Pengembangan sektor pendidikan dalam artian, organisasi sebagai wadah yang menghimpun mahasiswa fakultas hukum Bone dapat memotivasi dan meningkatkan kesadaran masyarakat akan pentingnya pendidikan. Sekaligus juga, menstimulasi pemerintah daerah untuk lebih memperhatikan sektor pendidikan dan kondisi mahasiswa Bone yang sedang menyelesaikan studinya, Dengan demikian, akses mahasiswa terhadap berbagai fasilitas dan kemudahan-kemudahan dalam proses menyelesaikan studi menjadi terbuka. Wacana inilah yang berkembang dikalangan teman-teman mahasiswa fakultas hukum dan terus berputar di lingkaran diskusi-diskusi, komunikasi sesaat dan bahkan biskal antar mahasiswa. Adalah sebuah langkah maju, jika wacana ini kemudian diwujudkan dalam sebuah praktek yang lebih kongkrit. Meskipun kemudian, proses ini mengalami kendala dalam hal konsolidasi, karena sulitnya untuk menghimpun teman-teman dalam satu forum, sehingga proses sosialisasi menjadi lemah. Adalah hal yang wajar, jika kemudian muncul pertanyaan-pertanyaan dan opini yang menyimpan kecurigaan dibalik upaya pembentukan organisasi yang menghimpun mahasiswa hukum ini. Selain karena semakin dekatnya suksesi Pilkadal juga karena lemahnya proses sosialisasi tersebut. Proses ini sudah lama terjadi, sekitar tahun 2004 dan baru berkembang pada saat 2007. Perlu diingat, kita tidak boleh mengulur waktu dan membiarkan proses pembodohan, kemiskinan, dan berbagai praktek pelanggaran hukum dan HAM terus terjadi, karena itu sama saja dengan semakin memperpanjang barisan penindasan.

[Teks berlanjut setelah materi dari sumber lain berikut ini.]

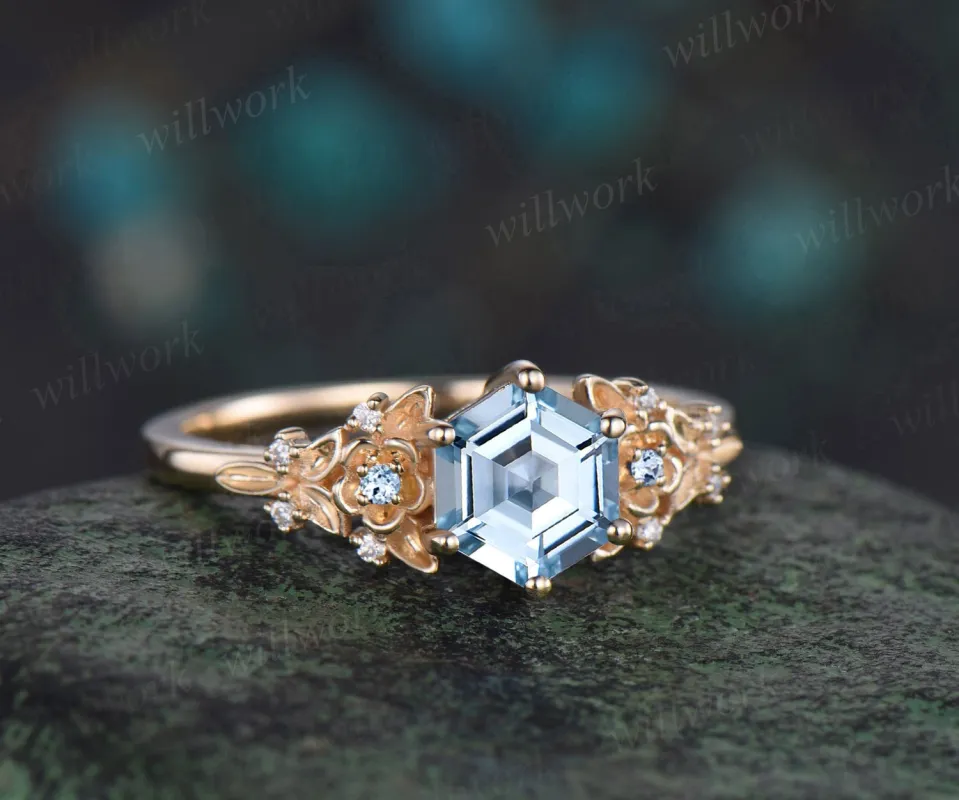 Vintage hexagon cut natural aquamarine engagement ring yellow gold twig leaf floral art deco unique cluster diamond wedding ring women gift sold by Willwork Jewelry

Pastinya, landasan pemikiran hanyalah berisi ide dasar. Seperti apa bentuk organisasi serta visi dan misi yang akan menjadi arah organisasi kedepan ditentukan secara kolektif tanpa tendensi apapun, kecuali keinginan untuk melihat peran dalam memajukan daerah dan mahasiswa fakultas hukum Bone mampu bersatu di bawah bendera kejayaan.
Kalau bukan kita siapa lagi dan kalau bukan sekarang kapan lagi !.